C’è un nuovo presidente alla guida del Comitato Italiano Paralimpico, Marco Giunio De Sanctis: nota già cambiamenti?
«Io sono nel Consiglio e vedo molta motivazione nel crescere. Sembra che ci sia più collaborazione con il Coni. Credo che si stia andando nella direzione giusta».
Le capita di invidiare atlete di altre nazioni?
«Sì, tantissimo. Ci sono le olandesi che vanno in raduno invernale a Tenerife o in Sudafrica, come fanno i normodotati. All’estero, poi, partecipano ai meeting più grandi, mentre in Italia purtroppo a livello paralimpico non facciamo inviti all’estero. Non dico in altri continenti, ma almeno in Europa occorrerebbe farlo. Il mio sogno sarebbe che le federazioni collaborassero per organizzare i centro metri al prossimo Golden Gala di Roma».
Come se la cava con il ballo?
«Sono tremenda, e non è colpa della protesi».
Essere campionesse aiuta in amore?
«Non tanto. C’è ancora una cultura in cui i ragazzi si sentono intimoriti da una figura femminile forte a livello sportivo».
Ma lei si è liberata dai complessi per la disabilità?
«Non li ho mai avuti. Ho visto sempre le protesi come un elemento che mi rendeva speciale. Anzi, se può servire ad allontanare qualche testa di cavolo, va benissimo».
Parteciperebbe a “Temptation Island” o al “Grande Fratello”?
«Non fa per me, ma Monica Contraffatto (altra azzurra, ndr) sarebbe perfetta».
Bebe Vio ha conosciuto Obama, a lei piacerebbe conoscere Trump?
«No, me lo risparmio volentieri».
La Russia non può partecipare ai Giochi per via dell’aggressione all’Ucraina: giusto?
«È giusto impedirlo ai Paesi che sono in guerra. Ma non si può colpire solo la Russia, occorre farlo con tutti»,
Lo farebbe anche con Israele?
«Tutti quelli che creano guerre e fanno genocidi. Lo sappiamo chi sono. Non c’è bisogno di fare nomi».

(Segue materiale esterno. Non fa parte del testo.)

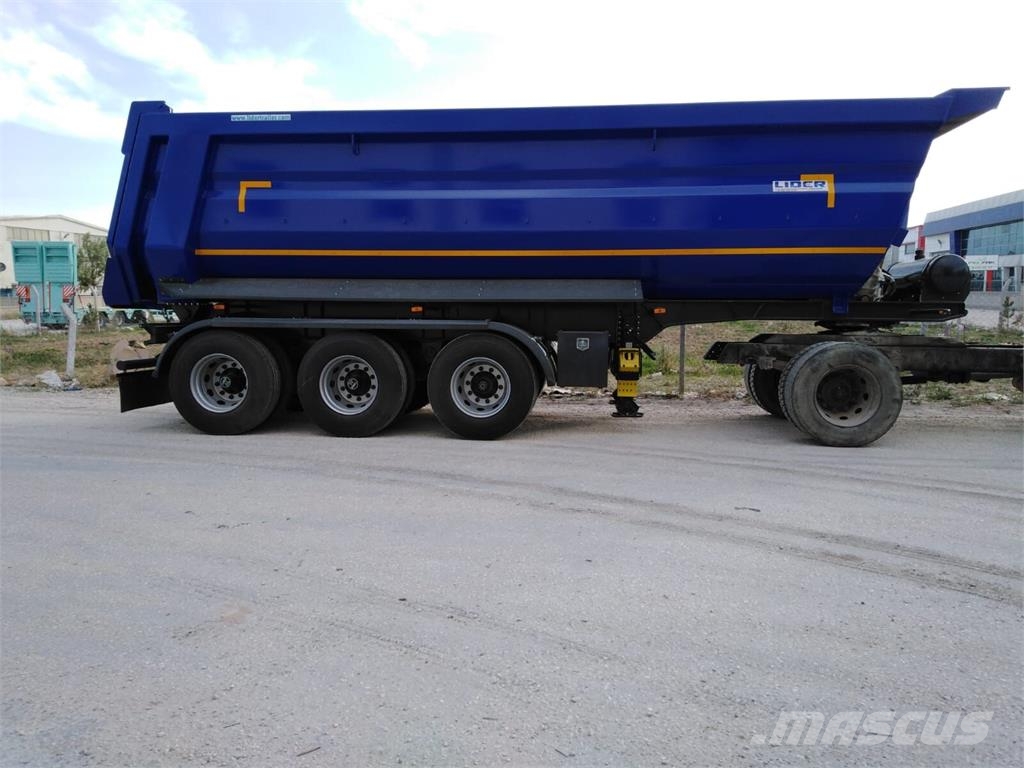 Lider 2026 NEW READY IN STOCKS DIRECTLY FROM MANUFACTUR Kippipuoliperävaunut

Se potesse tornare a una vita come prima dell’incidente, rinunciando però alla disabilità e a tutti i successi ottenuti, accetterebbe?
«Non baratterei mai nessun cambio di direzione della mia vita. Anzi, fosse per me, abbandonerai la narrazione del mondo paralimpico parlando delle storie private. Si farà un passo in avanti quando non ci sarà più il desiderio di conoscere gli incidenti. Certo, la curiosità è normale, ma non dovrebbe essere l’elemento principale dei racconti su di noi, non crede?». Parole da supereroe. O forse solo da ragazza speciale che un giorno consegnò il suo destino a una fata stravagante.